Source data
###
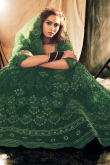 Bottle Green Festive Wear Net Lehenga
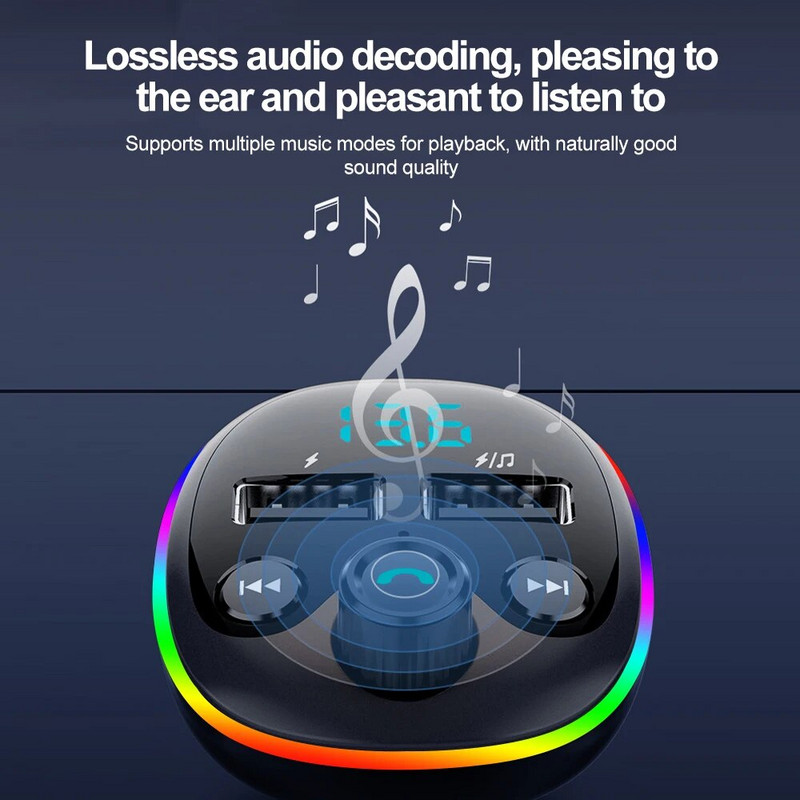 Πομπός PD 18W FM Ασύρματο Bluetooth 5.0 Handsfree Car Kit Διπλός γρήγορος φορτιστής USB Διαμορφωτής ραδιοφώνου MP3 Player Υποστήριξη κάρτας TF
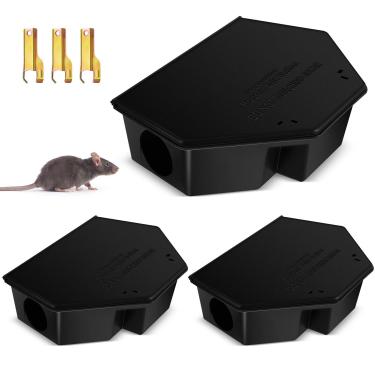 Imagem de Qualirey 3 peças estação de isca de rato com chaves 33,58 x 21 x 8,98 cm x 8,35 polegadas armadilhas para ratos, mantém crianças e animais de estimação seguros em ambientes internos e externos, isca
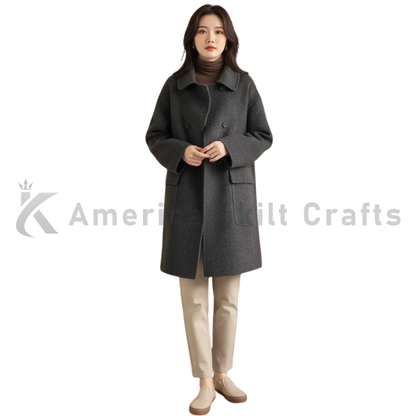 Women’s double breasted long pea coat front view on model, tailored wool blend winter overcoat with classic lapels.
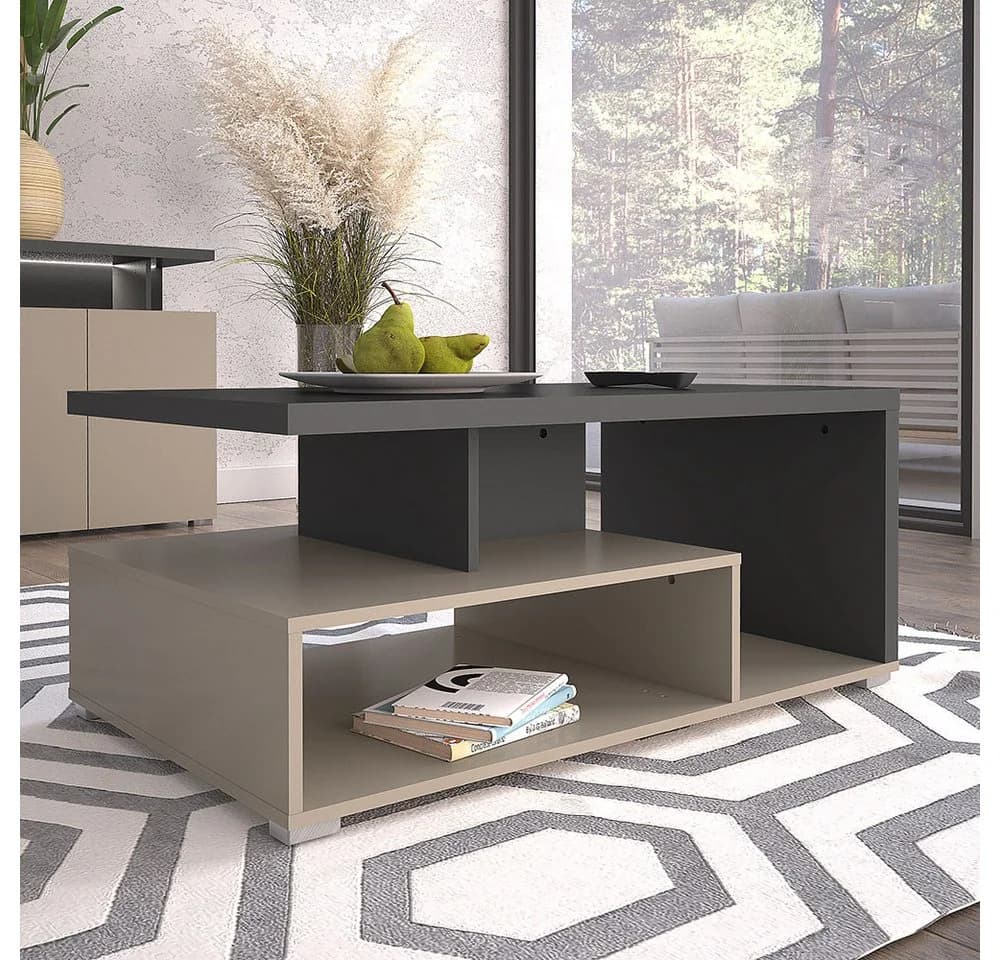 Lomadox Couchtisch SELCE-83 Anthrazit Beige 100 cm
###
(WHAT TO PRODUCE):
Retype exactly the lines from the one containing "Women’s double breasted" through the last line of the records above, both included, and leave out any pictures.

(RESPONSE BOX):
 Women’s double breasted long pea coat front view on model, tailored wool blend winter overcoat with classic lapels.
 Lomadox Couchtisch SELCE-83 Anthrazit Beige 100 cm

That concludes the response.